MATILDE SERAO

Grande figura di donna, di scrittrice, di giornalista e di madre

 MATILDE SERAO

di Bruna Bertolo e Rino Duma

Matilde Serao

Di giornalismo vero e proprio al femminile si può parlare probabilmente solo a partire dagli articoli di Matilde Serao, considerata come la prima vera giornalista italiana. Con Matilde Serao la qualifica di giornalista acquista un significato più profondo, più legato alla concezione attuale della parola giornalismo.

Matilde Serao, nata a Patrasso nel 1856, figlia di Francesco Saverio, un profugo politico napoletano e di una greca, Paolina Borrely, arrivò nel 1860 a Napoli, dove si svolse gran parte della sua vita.

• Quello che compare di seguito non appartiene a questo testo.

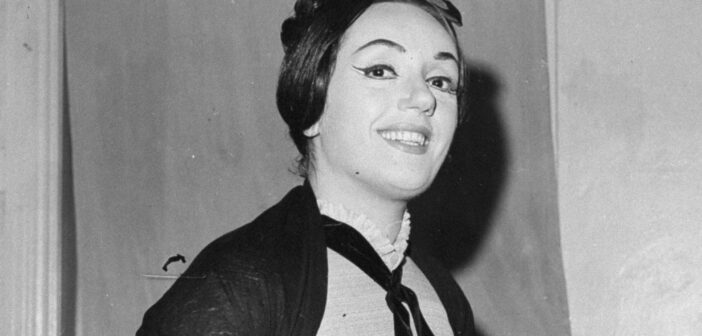 Gabriella Tucci, soprano italiana especialista nas obras de Verdi e Puccini. Em La bohème Crédito : Hyman Rothman/NY Daily News Archive via Getty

A Patrasso rimase soltanto sino all’età di tre anni, a causa della vita povera, randagia e febbrile di suo padre, costretto a cambiare spesso consuetudini e residenza per il suo impegno politico. Dopo il diploma magistrale ottenuto nel 1874, ebbe un curioso periodo di inserimento nel mondo del lavoro come telegrafista fino al 1877. Un’esperienza importante nella sua vita che le suggerirà in seguito un libro dedicato al mondo delle telegrafiste.1

Ma la sua passione è la scrittura e già nel 1876/77 ecco il suo debutto nel mondo della carta stampata presso il “Giornale di Napoli” ed altre testate.

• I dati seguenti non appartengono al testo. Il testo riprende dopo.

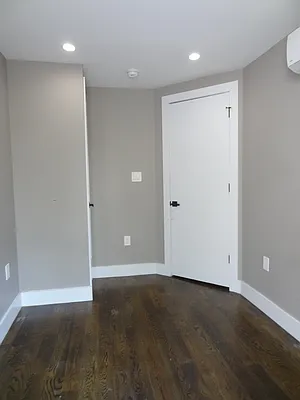 Rented by Miron Realty Group | media 46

Osserva Elisabetta Rasy: “Che Matilde fosse una donna eccezionale […] se ne accorse persino una signora snob come la scrittrice americana, ma europea per scelta e per gusto, Edith Wharton, la pupilla di Henry James. Quando, negli ultimi anni della Grande Guerra, la incontrò nell’elegante e selettivo salotto parigino di Madame Fitz-James, la Wharton non esitò a definirla nel suo diario «una donna tozza e grossa, rossa in faccia e sul collo», riconoscendo però che quando prendeva la parola era capace di raggiungere punte che l’americana cosmopolita e chic non aveva mai rilevato nei discorsi delle altre donne. Perché – dice – in Matilde «cultura e esperienza erano fuse nello splendore di un forte intelletto».”2

Nella sua vita scrisse di tutto e di tutti: articoli, racconti, romanzi, raccontando ed interpretando lei stessa la straordinaria evoluzione del mondo femminile tra Ottocento e Novecento. Fin da ragazzina, aveva respirato l’aria un po’ libera e scanzonata delle redazioni dei giornali, al seguito del padre Francesco, giornalista senza troppi guadagni presso “Il Pungolo”. Un ambiente, quello dei giornali, che la affascinava, così come innata sembrò la sua passione per la scrittura.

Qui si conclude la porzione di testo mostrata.